I will be using the Boston Housing Dataset to do my analysis. This dataset was collected by the U.S. Census service concerning housing in the area of Boston Mass

https://github.com/selva86/datasets/blob/master/BostonHousing.csv

Data Dictionary

CRIM - per capita crime rate by town

ZN - proportion of residential land zoned for lots over 25,000 sq.ft.

INDUS - proportion of non-retail business acres per town.

CHAS - Charles River dummy variable (1 if tract bounds river; 0 otherwise)

NOX - nitric oxides concentration (parts per 10 million)

RM - average number of rooms per dwelling

AGE - proportion of owner-occupied units built prior to 1940

DIS - weighted distances to five Boston employment centres

RAD - index of accessibility to radial highways

TAX - full-value property-tax rate per $10,000

PTRATIO - pupil-teacher ratio by town

B - 1000(Bk - 0.63)^2 where Bk is the proportion of blacks by town

LSTAT - % lower status of the population

MEDV - Median value of owner-occupied homes in $1000’s

Analysis

Histogram of Housing Prices

This histogram helps give us a better understanding of where home prices typically fall in the Boston housing market.

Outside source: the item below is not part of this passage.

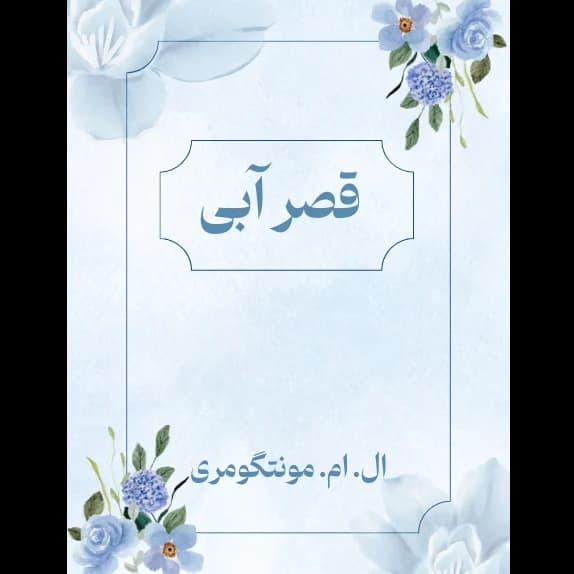 قصر آبی – کتاب الکترونیکی فارسی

Houses seem to average a price of around the 200,000 dollar amount. The data also seems to cap the max price of a house around the 500,000 amount which is important to keep in mind when analyzing the rest of the data.

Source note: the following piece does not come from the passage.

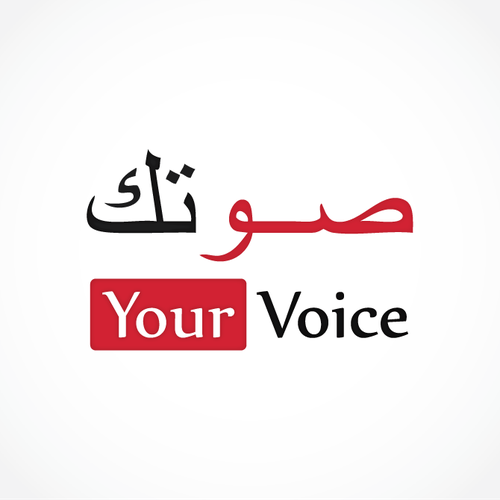  contest entry by TroySandra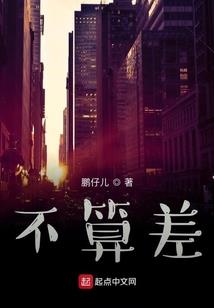 武法决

Scatter Plot of Crime Rate by Housing Prices

There seems to be a pretty direct correlation of housing prices to crime rate. The higher the crime rate of the town the cheaper the houses tend to be. This means in areas of low crime on average the homes will be worth more.

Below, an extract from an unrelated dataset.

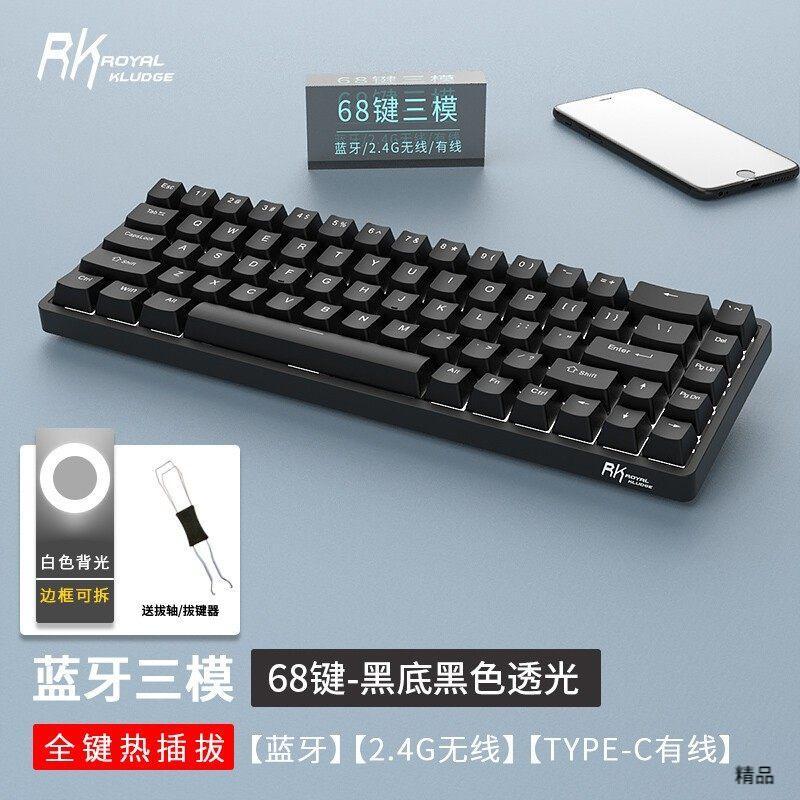 [ย้อนยุค] RK ROYAL KLUDGE RK68 คีย์บอร์ดแบบกลไกสามโหมดแบบมีสาย/ไร้สายบลูทูธ/ไร้สาย 2.4G Hot Plug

Box Plot of Home Price by Charles River Proximity

This chart shows that homes near the Charles River tend to be worth more on average. While they’re some outliers this could be due to homes near the Charles River being in nicer neighborhoods.

Number of Rooms vs Housing Price

This visualizations shows that the more rooms a house has the more it tends to be worth. While this is not the case with every home as other factors can influence this it does show that how big a home is can be used to make a general approximation about how much the home is worth.

Highway Proximity to Home Value

Next we have a box plot showing proximity to the highway and how it affects average home price. This box plot shows that homes right next to the highway are not worth as much likely due to the noise and traffic. Homes that are accessible to the highway but not to close are worth more on average as this is probably ideal for people who are commuting regulary. There is then a drop off in home value for 4,5, and 6 but it then spikes up again at home values 7 and 8. This could be reflected by 7 and 8 being a distance for people who are wealthy and do not care as much about being close to the city.

Sentiment Analysis

I scraped 20 reviews about the city of Boston to help get an idea of why people want to live there. I collected the reviews from the website url below.

https://www.niche.com/places-to-live/boston-suffolk-ma/reviews/

This shows that people seem to like to live in Boston for a multitude of reasons. The opportunities the city presents seem to be a major influence on people living here. The beauty of the city also seems to attract people as the words “beautiful” and “charming” both came up. The city also seems like an entertaining place to live as “vibrant”, “enjoy”, and “attractions” also all came up.

Conclusion

There are a lot of different factors that go into making a house valuable in Boston. If we were to predict a house to be valuable based off the data we say it has the following characteristics.

Area with low crime rates

Close to the Charles River

Has lots of rooms ideally at least 9

Is close enough to easily access the highway but not so close that it is right on top of it.

Why its not guaranteed this house would have a high value due to variables not included in the data based off what we have to work with this house would be a valuable house in Boston.